You built a boat charter business, a dive shop, or a walking tour. You got on FareHarbor because their sales team was persistent and the pitch sounded clean: no monthly fee, they handle the payment processing. Then the first guest email came in asking why there was a 6% “service fee” on their checkout. Then a second. Then a TripAdvisor review mentioned it.

That fee — currently 6% on most accounts, added directly to the guest’s total — is not a FareHarbor secret. But it erodes conversion and it creates friction you didn’t ask for. Add in concerns about contract lock-in and a support model that gets less responsive once you’re signed, and it’s worth spending an afternoon evaluating fareharbor alternatives before you’re three more seasons in.
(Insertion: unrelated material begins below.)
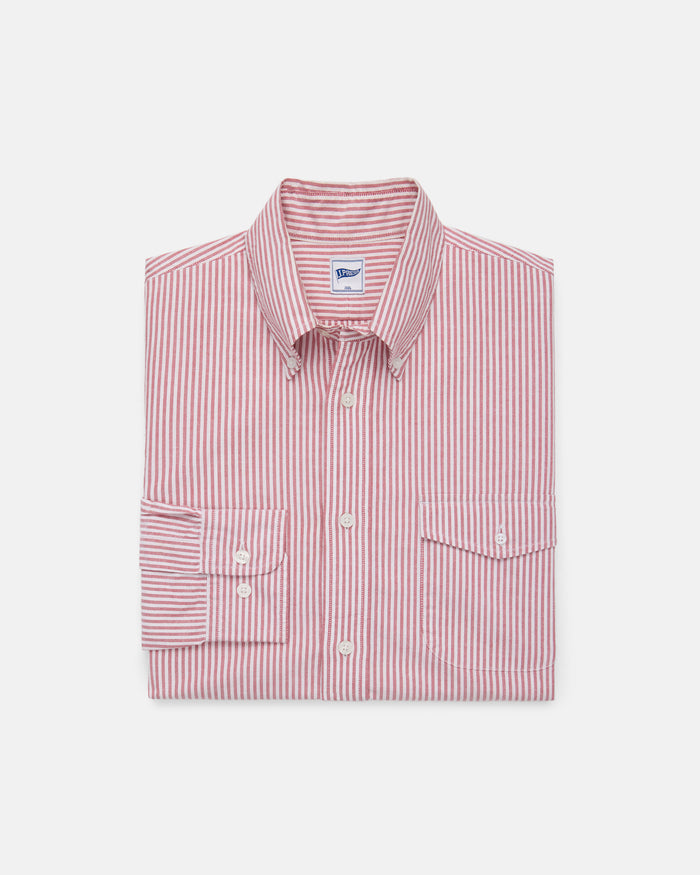 Red Enzyme-Washed Oxford Striped Shirt - Flap Pocket - Trim Fit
This post is a direct, honest comparison. No affiliate links. Prices current as of mid-2026.


Why Operators Start Looking for FareHarbor Alternatives

FareHarbor’s model isn’t bad for every operator. If you’re new, have zero budget, and need to get live fast, the zero-monthly-fee structure is genuinely useful. But problems accumulate:

If any of those hit home, read on.


The Fee Models You Need to Understand First

Before comparing platforms, get clear on how the money actually moves. There are three common structures:

  1. Consumer-pays model — The guest sees a service fee added to their checkout. FareHarbor does this (typically 6%). The operator pays nothing per booking, but the guest pays more than your advertised price.
  2. Operator-pays model — You pay a percentage or flat fee per booking. The guest sees your clean price. Most alternatives use this or give you a choice.
  3. SaaS + processing — A flat monthly fee plus standard credit card processing rates (typically 2.9% + $0.30). You control the checkout experience entirely.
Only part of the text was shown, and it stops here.